Power source growth rates like compound interest

What if instead of projecting percentages, we project gigawatts from FERC’s December 2012 Installed Operating Generating Capacity table? Solar and wind still win in less than a decade.

FERC 2012 power source gigawatts and growth rates projected 20 years

Ignore the fastest-growing curve for a moment; I added that. All the other curves start with the December 2012 gigawatts for each power source in the FERC table, and an annual compound growth rate computed by comparing that installed operating capacity to the capacity added in 2012 for that power source. That compound annual growth rate for solar is 60.9% and for wind is 22.8%. Nothing else comes close.

Solar passes coal in about 8 years, wind in about 9, and natural gas in about a decade. That’s at the 60.9% rate, which is close to the 65% rate observed for compound annual growth in solar deployments for the past decade.

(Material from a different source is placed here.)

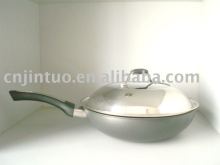 long handle wok with s/s lid
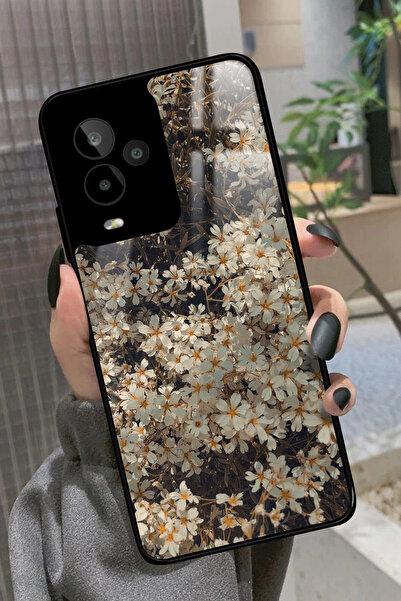 General Mobile Gm 24 Pro Uyumlu Beyaz Çiçek Tasarımlı Glossy Premium Kılıf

What if we can push the solar growth rate faster, through some combination of Feed-In Tariffs, a carbon tax, rebates, or fully funding tax credits? And how about we fix that antiquated 1973 Georgia law that impedes private financing and investment for solar power in Georgia?

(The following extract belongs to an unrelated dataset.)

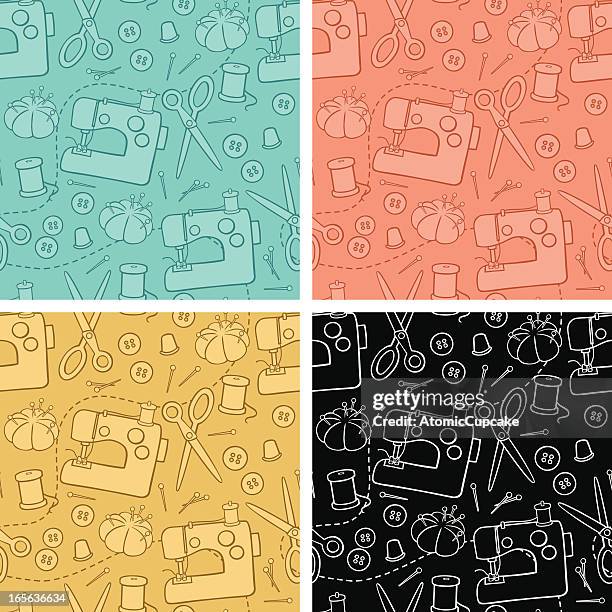 sewing background pattern - seam stock illustrations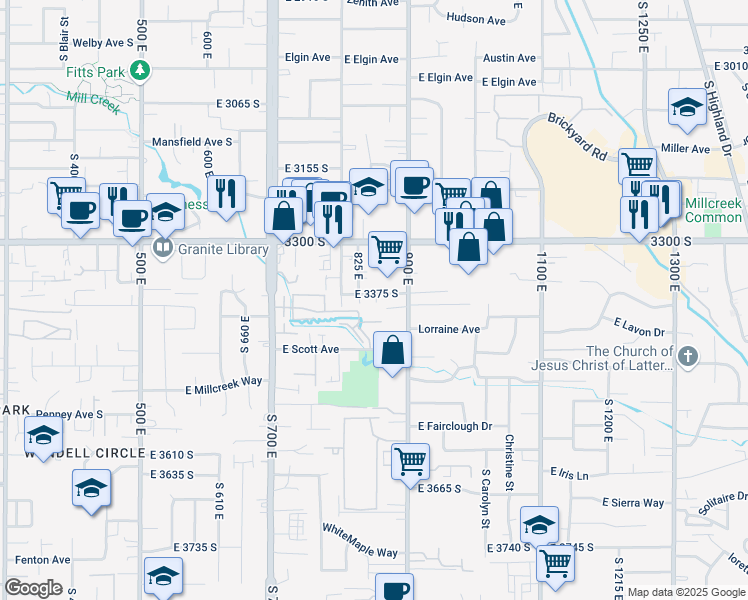 map of restaurants, bars, coffee shops, grocery stores, and more near 850 East 3375 South in Millcreek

With some such combination, we could probably drive the solar compound growth rate up to 100% a year. That would make solar pass wind in 6 years, coal in 7, and natural gas in less than a year after that.

With either projection, solar and wind would provide most electricity in the U.S. in less than a decade. The faster the solar compound growth rate, the sooner that happens.

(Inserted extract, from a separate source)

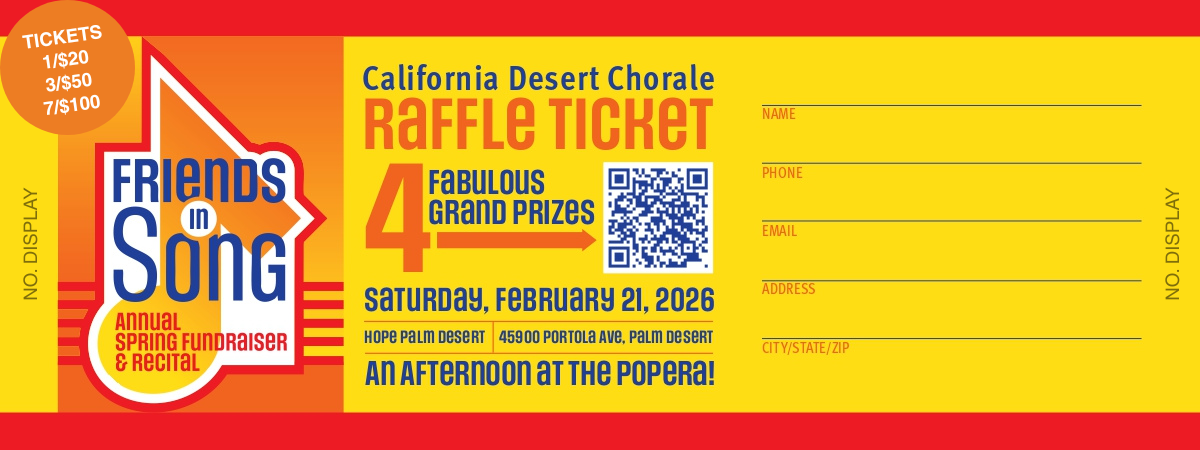 Sample Friends in Song Raffle Ticket in orange and yellow with blue text.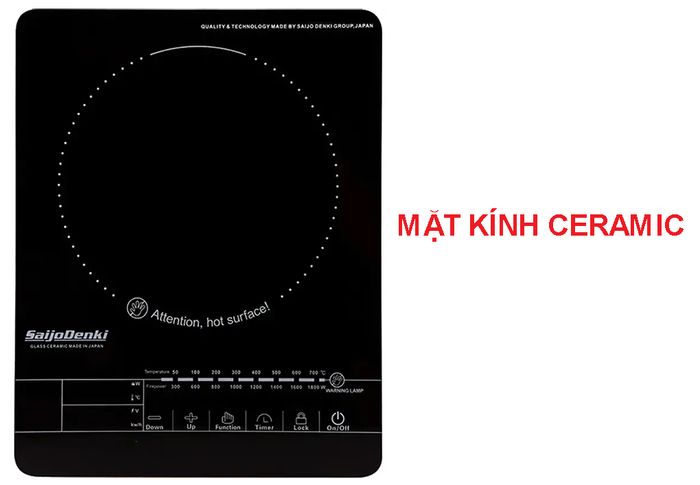 Mặt bếp hồng ngoại đơn Saijo denki SD-1901 1800W bằng kính Ceramic 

And what if we also push up the wind compound annual growth rate? Then it happens even faster. Faster wind deployment would be pretty easy. TEPCO already has a wind turbine design that can withstand hurricanes We could use that to deploy wind off the Georgia coast.

Speaking of TEPCO, owner of the world’s worst nuclear disaster at Fukushima, nuclear remains down in the noise in this graph because its growth rate is less than a percent per year.

Now this graph shows deliberately naive projections to illustrate the point of compound growth rates. Obviously solar and wind growth rates have to slow at some point, if only because eventually they can generate more energy than anybody wants to use. But before that happens, if solar and wind continue to grow at a compound rate for some years, as solar Moore’s Law for solar indicates solar can, natural gas and coal will be used less, not more, because new coal or natural gas generation will be priced out of the market as solar prices continue to drop and the carbon bubble pops. So the time until solar and wind are the predominant sources of electric power in the U.S. could be even shorter than the graph indicates.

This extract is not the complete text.